14—17 May | Olympia, Kensington
Exhibiting Artists:
Luca Ortis
Justus de Rode
Tomoko Nagakawa
Marco Rapaccini
Wysocka Pogo
Open Doors Gallery is delighted to be returning to Photo London Fair with a group presentation which includes unique works from contemporary artists as well as new work from newly represented artists.

One of the centrepieces of our booth this year is a presentation of brand new work from London-based tattooist and photographic artist Luca Ortis. A defining element of Ortis’ practice is his use of 24-carat gold, applied to join different areas of printing together. The gesture draws on Kintsugi, the Japanese joinery technique in which broken ceramics are repaired with gold, honouring fracture rather than concealing it.
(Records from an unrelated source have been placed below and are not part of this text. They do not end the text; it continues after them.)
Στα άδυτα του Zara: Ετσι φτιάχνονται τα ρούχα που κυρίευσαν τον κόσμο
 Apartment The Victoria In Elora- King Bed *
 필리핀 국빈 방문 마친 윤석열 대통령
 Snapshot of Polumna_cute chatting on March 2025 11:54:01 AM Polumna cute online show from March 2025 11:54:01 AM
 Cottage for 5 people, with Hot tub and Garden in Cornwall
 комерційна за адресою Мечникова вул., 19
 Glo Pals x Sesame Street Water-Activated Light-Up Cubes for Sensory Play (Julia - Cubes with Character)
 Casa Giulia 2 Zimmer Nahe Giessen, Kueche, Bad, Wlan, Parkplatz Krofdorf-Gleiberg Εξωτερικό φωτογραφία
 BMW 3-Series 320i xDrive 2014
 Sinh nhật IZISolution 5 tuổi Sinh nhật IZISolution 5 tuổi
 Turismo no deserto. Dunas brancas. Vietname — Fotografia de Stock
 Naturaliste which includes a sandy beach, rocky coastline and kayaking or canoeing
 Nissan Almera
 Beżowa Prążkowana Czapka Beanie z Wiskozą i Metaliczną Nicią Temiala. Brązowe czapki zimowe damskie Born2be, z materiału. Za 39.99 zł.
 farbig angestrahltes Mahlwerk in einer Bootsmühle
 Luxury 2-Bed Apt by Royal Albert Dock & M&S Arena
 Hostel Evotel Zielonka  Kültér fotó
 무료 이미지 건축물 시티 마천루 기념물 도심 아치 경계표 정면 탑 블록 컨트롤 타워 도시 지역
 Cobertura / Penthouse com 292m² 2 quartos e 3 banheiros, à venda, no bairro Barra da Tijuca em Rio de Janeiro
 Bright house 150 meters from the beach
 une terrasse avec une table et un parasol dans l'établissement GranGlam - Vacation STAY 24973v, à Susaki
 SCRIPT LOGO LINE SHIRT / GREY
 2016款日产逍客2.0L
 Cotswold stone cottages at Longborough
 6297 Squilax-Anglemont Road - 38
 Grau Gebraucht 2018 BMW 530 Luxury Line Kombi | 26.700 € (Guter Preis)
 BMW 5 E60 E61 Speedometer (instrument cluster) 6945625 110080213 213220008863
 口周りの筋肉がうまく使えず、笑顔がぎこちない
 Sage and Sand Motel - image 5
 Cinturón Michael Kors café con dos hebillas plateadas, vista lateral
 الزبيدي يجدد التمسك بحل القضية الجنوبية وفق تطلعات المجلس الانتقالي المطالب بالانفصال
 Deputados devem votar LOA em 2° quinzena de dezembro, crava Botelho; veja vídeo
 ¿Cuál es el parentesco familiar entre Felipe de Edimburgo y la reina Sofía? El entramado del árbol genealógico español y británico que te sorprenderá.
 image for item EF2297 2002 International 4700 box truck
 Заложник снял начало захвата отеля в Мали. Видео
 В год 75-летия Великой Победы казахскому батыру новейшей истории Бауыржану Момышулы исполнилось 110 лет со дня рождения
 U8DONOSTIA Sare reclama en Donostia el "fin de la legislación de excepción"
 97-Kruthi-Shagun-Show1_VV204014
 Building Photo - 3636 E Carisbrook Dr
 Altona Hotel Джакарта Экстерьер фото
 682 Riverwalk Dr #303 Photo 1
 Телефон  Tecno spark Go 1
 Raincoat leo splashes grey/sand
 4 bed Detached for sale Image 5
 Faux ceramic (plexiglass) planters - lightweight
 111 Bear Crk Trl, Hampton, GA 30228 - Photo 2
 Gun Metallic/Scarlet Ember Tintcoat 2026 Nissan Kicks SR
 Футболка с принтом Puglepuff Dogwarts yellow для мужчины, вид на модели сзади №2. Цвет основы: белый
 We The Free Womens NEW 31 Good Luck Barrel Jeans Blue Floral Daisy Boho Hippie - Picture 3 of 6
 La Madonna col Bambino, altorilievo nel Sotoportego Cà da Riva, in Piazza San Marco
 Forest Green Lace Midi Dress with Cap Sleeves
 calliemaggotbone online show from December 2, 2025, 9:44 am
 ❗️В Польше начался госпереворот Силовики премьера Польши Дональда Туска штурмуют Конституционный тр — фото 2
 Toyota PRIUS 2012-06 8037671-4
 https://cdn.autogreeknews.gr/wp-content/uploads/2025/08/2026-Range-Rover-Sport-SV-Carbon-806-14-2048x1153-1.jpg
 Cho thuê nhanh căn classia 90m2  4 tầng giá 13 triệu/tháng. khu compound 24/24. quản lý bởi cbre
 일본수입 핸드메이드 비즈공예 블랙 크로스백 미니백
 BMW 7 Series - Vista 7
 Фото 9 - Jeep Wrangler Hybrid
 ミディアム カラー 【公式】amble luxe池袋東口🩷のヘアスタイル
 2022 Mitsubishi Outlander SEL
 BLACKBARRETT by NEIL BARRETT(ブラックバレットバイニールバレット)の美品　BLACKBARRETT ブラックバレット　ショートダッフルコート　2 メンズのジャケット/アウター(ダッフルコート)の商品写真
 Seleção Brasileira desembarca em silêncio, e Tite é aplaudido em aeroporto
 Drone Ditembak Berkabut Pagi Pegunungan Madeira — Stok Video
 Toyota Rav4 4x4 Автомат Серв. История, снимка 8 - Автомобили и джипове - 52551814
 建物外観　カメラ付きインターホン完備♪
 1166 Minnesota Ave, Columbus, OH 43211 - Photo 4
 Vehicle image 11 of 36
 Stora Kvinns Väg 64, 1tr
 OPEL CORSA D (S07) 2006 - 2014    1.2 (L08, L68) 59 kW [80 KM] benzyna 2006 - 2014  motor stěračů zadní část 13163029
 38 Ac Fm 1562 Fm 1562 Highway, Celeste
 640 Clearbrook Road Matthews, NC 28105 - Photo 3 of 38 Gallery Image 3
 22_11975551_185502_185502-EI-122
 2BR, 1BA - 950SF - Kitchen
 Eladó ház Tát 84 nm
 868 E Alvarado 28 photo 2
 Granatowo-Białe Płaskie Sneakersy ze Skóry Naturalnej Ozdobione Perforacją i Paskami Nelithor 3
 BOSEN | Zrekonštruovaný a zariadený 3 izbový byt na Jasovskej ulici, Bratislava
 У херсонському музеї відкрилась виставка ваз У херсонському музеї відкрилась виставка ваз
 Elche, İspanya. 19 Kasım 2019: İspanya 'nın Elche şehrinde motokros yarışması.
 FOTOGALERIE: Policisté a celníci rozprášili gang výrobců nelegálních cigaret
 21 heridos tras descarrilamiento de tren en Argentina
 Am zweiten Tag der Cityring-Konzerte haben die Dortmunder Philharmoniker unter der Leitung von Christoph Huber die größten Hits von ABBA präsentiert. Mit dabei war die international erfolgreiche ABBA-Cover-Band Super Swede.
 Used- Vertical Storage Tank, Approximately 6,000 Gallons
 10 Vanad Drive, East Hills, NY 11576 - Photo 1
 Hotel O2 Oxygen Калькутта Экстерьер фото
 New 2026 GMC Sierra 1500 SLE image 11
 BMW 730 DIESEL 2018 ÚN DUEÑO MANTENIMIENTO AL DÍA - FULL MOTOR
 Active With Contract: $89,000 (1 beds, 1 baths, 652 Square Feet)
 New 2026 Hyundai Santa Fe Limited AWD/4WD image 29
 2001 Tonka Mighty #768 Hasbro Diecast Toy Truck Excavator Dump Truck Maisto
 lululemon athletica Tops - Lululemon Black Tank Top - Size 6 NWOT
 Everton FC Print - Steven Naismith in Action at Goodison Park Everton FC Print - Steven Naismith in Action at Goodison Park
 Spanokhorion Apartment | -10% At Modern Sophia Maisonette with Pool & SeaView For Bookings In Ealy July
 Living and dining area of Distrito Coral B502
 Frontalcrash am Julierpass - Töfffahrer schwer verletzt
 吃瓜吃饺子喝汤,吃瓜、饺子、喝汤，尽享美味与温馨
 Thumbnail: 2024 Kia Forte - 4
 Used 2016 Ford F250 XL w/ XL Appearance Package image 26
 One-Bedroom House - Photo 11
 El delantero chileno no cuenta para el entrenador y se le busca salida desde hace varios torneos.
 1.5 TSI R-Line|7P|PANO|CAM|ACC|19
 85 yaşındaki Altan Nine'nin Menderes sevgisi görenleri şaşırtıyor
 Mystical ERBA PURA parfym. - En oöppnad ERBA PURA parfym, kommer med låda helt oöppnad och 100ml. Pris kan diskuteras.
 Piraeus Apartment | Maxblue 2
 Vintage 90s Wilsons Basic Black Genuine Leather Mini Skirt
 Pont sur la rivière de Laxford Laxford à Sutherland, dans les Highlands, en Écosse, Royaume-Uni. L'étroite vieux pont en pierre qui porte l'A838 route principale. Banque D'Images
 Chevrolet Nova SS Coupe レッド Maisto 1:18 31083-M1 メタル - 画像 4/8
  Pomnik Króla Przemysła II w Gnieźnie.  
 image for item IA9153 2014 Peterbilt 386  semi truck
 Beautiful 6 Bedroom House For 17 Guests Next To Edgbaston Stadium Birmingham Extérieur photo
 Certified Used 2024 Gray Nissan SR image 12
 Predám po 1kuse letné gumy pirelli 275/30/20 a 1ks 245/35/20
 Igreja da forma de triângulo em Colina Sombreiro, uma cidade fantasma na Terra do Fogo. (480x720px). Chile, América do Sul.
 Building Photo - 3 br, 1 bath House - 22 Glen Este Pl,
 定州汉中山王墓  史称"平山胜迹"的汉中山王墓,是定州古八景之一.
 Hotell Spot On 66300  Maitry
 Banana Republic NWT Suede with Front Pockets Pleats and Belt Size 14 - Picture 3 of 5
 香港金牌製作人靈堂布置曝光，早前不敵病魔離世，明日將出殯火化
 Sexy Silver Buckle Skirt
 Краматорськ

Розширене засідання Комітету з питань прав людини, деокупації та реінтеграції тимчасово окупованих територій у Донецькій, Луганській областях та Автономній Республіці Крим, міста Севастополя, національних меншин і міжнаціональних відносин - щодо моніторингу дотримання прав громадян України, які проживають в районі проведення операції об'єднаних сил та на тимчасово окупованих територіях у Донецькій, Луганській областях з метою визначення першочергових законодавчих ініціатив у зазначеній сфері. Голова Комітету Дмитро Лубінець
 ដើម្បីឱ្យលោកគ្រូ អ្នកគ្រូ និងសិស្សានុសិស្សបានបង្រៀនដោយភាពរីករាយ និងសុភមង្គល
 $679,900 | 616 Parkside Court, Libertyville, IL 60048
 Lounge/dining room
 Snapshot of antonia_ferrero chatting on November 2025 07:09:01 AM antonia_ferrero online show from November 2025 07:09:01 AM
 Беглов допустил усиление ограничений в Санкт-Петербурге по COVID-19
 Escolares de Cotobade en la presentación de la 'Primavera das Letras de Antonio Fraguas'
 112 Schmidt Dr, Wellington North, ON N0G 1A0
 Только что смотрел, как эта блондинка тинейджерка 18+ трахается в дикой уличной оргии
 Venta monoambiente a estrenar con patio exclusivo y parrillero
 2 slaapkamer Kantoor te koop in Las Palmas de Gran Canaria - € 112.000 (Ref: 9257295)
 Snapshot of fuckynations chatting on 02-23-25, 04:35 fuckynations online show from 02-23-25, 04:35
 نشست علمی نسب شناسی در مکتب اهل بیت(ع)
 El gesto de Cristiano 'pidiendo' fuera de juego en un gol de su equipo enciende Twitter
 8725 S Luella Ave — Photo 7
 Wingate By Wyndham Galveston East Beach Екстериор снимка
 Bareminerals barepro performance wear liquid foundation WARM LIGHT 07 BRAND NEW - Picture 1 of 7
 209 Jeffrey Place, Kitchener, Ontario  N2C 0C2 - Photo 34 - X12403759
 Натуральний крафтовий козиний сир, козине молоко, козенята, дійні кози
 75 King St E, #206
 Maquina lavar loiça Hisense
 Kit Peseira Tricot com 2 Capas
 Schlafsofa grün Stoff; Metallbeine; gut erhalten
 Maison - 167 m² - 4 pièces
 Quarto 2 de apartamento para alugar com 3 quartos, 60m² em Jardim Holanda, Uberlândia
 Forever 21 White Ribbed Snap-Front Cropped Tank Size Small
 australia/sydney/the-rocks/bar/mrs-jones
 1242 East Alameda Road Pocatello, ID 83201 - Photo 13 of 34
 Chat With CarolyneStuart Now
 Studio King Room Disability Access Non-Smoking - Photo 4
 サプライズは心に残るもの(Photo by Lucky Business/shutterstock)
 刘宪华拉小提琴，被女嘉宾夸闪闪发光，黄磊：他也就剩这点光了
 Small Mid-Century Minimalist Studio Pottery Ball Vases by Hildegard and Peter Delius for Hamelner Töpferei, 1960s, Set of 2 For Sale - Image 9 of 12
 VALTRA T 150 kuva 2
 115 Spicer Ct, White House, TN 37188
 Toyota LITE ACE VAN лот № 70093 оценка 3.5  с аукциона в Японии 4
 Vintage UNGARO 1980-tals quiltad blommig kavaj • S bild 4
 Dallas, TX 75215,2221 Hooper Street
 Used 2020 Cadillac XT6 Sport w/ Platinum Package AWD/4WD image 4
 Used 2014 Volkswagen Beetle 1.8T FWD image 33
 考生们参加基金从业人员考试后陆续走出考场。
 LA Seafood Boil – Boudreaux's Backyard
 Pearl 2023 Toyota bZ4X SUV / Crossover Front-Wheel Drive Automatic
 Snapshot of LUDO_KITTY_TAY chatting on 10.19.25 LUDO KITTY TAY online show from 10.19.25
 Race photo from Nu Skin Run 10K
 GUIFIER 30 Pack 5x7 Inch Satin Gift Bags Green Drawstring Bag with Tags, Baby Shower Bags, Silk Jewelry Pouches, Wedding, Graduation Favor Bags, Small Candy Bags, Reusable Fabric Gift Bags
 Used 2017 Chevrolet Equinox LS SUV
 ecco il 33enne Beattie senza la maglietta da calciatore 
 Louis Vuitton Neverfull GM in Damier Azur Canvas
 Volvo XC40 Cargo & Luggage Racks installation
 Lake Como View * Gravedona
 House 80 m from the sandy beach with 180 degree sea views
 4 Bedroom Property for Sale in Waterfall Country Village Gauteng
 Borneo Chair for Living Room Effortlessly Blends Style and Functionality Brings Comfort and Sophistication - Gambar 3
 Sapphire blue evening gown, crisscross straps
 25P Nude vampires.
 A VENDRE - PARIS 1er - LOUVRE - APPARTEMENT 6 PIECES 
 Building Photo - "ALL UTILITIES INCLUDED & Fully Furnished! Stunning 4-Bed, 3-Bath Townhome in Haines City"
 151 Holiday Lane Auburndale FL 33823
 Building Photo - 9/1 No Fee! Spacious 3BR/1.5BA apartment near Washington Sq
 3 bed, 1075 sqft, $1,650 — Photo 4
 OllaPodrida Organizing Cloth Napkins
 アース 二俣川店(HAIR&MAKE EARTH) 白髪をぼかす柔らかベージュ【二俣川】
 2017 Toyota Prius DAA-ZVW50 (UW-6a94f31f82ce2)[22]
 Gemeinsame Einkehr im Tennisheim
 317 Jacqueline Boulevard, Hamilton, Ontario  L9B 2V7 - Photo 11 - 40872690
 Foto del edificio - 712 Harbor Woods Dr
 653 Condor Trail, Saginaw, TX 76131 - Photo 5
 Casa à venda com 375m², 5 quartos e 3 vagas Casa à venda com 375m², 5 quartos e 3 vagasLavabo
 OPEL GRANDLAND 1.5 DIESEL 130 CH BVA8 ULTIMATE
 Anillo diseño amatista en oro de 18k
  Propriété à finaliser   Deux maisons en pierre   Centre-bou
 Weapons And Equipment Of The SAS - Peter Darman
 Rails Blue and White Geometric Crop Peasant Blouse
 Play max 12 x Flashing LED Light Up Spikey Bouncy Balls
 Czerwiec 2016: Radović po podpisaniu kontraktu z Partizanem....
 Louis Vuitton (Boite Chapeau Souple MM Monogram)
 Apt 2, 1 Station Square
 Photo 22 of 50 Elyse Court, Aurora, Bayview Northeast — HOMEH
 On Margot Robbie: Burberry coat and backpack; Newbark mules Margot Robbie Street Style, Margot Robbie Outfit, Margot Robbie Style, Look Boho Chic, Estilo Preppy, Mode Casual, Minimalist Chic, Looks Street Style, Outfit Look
In Ortis’ hands, gold does not cover imperfection but celebrates it. The join becomes part of the image. The result is a body of work that asserts itself as object as much as image, each piece bearing the visible presence of the maker’s hand.

We will also have on display the full set of newly released By Choice, Not Chance works by Wysocka Pogo. Each piece is unique. Using their distinctive risograph technique, the duo print twice onto canvas, surrendering the final composition to chance.

Marisol Mendez’s Madre series continues to gather momentum, this year earning a nomination for the Saltzman-Leibovitz Photography Prize alongside five other artists. Now in its second edition, the prize has already established itself as one of the most significant in the field. Prints from the series are available exclusively through Open Doors Gallery.

Also showing on the booth is new work from Italian photographer Marco Rapaccini, drawn from his Litorali series. Hand-toned cyanotypes capture the coastal landscape of Castelporziano and Capocotta, a nature reserve near Rome where Rapaccini spent his childhood summers. Reconfigured as diptychs and triptychs, the dunes shift in scale and association, islands one moment, mountains the next, tangles of bramble the next. The cyanotype process, with its slow build-up and erosion of pigment, suits the work exactly: image and place arrive at the paper through accumulation rather than capture.

We are pleased to be exhibiting alongside this a new body of work from Dutch artist Justus de Rode, whose Views of Nature takes its title and structure from Alexander von Humboldt’s 1808 travelogue Ansichten der Natur. De Rode uses Humboldt, at once a Romantic and a founding figure of modern ecology, as a way of holding analytical thought and emotional response within the same frame. The resulting oak-bark-toned cyanotypes, presented in custom steel frames, make objects of both observation and feeling.

Completing the booth is Tomoko Nagakawa’s quietly absorbing new series The Weight of a Second. Born in Tokyo and now based in Buckinghamshire, Nagakawa works in salt prints on Japanese Shiramine Select paper, approaching each image as something closer to correspondence than reproduction. A practice she likens to letter writing. The series borrows its title from the second law of thermodynamics and turns it onto lived experience: time as something felt rather than counted, each moment weighted with everything that cannot be undone.